* Data for review
Segment Open

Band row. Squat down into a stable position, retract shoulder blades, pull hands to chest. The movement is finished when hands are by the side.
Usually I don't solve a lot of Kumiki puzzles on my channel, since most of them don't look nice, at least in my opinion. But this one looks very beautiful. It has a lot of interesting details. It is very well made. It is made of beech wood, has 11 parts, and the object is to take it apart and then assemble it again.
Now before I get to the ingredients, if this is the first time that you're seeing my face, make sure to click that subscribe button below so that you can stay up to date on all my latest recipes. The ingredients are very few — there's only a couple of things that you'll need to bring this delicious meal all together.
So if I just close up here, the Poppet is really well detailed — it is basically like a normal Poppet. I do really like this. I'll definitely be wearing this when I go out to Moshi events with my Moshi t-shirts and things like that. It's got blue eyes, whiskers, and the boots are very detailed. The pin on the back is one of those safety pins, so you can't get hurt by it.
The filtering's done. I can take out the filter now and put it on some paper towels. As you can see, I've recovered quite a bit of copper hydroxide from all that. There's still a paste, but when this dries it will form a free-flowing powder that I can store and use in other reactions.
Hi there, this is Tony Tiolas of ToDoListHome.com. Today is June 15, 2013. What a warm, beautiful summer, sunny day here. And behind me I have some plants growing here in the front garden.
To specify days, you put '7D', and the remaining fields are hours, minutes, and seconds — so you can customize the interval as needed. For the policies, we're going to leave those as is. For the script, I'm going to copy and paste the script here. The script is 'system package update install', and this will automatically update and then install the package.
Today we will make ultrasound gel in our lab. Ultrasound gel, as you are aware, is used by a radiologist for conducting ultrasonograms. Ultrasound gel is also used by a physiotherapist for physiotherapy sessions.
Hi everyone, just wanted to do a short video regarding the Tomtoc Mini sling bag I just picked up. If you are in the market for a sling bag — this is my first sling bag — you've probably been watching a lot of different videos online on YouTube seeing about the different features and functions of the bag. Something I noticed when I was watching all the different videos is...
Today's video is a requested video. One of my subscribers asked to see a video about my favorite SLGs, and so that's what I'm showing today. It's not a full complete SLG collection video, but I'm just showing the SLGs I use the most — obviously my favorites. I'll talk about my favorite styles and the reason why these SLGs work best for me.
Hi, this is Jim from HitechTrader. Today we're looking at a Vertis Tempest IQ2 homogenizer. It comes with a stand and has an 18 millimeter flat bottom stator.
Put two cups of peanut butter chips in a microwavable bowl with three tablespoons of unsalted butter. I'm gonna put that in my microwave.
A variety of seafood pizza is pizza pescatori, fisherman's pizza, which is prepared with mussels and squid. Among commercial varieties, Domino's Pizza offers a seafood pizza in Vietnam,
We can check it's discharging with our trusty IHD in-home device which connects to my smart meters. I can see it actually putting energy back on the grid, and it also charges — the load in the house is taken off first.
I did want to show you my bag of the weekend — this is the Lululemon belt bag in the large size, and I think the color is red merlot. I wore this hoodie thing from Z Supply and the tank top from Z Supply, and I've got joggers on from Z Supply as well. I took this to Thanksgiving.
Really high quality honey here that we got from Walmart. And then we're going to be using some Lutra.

Segment Closed

* Directions for this task
Say how many lines above hold "when", and nothing else.

* Answer box
4